→ **GOAL OF THE EXERCISE**
Through the line that contains "稲沢市平和町平六売地【外観】", return the data below exactly, starting at its first line; leave the rest out.

** AVAILABLE RECORDS follows **

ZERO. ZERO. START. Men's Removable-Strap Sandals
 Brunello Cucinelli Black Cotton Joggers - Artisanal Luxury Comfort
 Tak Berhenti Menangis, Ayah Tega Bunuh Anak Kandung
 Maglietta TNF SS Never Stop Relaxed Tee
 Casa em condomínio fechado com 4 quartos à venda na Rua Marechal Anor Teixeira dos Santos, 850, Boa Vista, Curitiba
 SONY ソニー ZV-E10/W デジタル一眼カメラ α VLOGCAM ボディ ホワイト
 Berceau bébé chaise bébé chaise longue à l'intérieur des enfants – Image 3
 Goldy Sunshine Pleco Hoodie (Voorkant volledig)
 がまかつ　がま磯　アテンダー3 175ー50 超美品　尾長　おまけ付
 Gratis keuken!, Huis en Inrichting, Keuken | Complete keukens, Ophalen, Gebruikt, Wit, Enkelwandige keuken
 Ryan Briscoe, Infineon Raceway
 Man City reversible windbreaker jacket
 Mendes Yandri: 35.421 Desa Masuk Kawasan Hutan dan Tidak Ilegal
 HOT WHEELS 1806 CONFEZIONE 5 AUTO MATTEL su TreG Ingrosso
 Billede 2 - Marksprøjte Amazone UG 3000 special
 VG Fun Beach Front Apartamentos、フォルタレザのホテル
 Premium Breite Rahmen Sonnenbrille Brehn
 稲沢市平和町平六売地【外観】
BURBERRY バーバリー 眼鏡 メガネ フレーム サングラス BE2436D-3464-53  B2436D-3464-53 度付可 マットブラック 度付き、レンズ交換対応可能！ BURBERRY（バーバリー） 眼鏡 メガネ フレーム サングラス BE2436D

** End of AVAILABLE RECORDS **

→ **WRITTEN RESPONSE**
ZERO. ZERO. START. Men's Removable-Strap Sandals
 Brunello Cucinelli Black Cotton Joggers - Artisanal Luxury Comfort
 Tak Berhenti Menangis, Ayah Tega Bunuh Anak Kandung
 Maglietta TNF SS Never Stop Relaxed Tee
 Casa em condomínio fechado com 4 quartos à venda na Rua Marechal Anor Teixeira dos Santos, 850, Boa Vista, Curitiba
 SONY ソニー ZV-E10/W デジタル一眼カメラ α VLOGCAM ボディ ホワイト
 Berceau bébé chaise bébé chaise longue à l'intérieur des enfants – Image 3
 Goldy Sunshine Pleco Hoodie (Voorkant volledig)
 がまかつ　がま磯　アテンダー3 175ー50 超美品　尾長　おまけ付
 Gratis keuken!, Huis en Inrichting, Keuken | Complete keukens, Ophalen, Gebruikt, Wit, Enkelwandige keuken
 Ryan Briscoe, Infineon Raceway
 Man City reversible windbreaker jacket
 Mendes Yandri: 35.421 Desa Masuk Kawasan Hutan dan Tidak Ilegal
 HOT WHEELS 1806 CONFEZIONE 5 AUTO MATTEL su TreG Ingrosso
 Billede 2 - Marksprøjte Amazone UG 3000 special
 VG Fun Beach Front Apartamentos、フォルタレザのホテル
 Premium Breite Rahmen Sonnenbrille Brehn
 稲沢市平和町平六売地【外観】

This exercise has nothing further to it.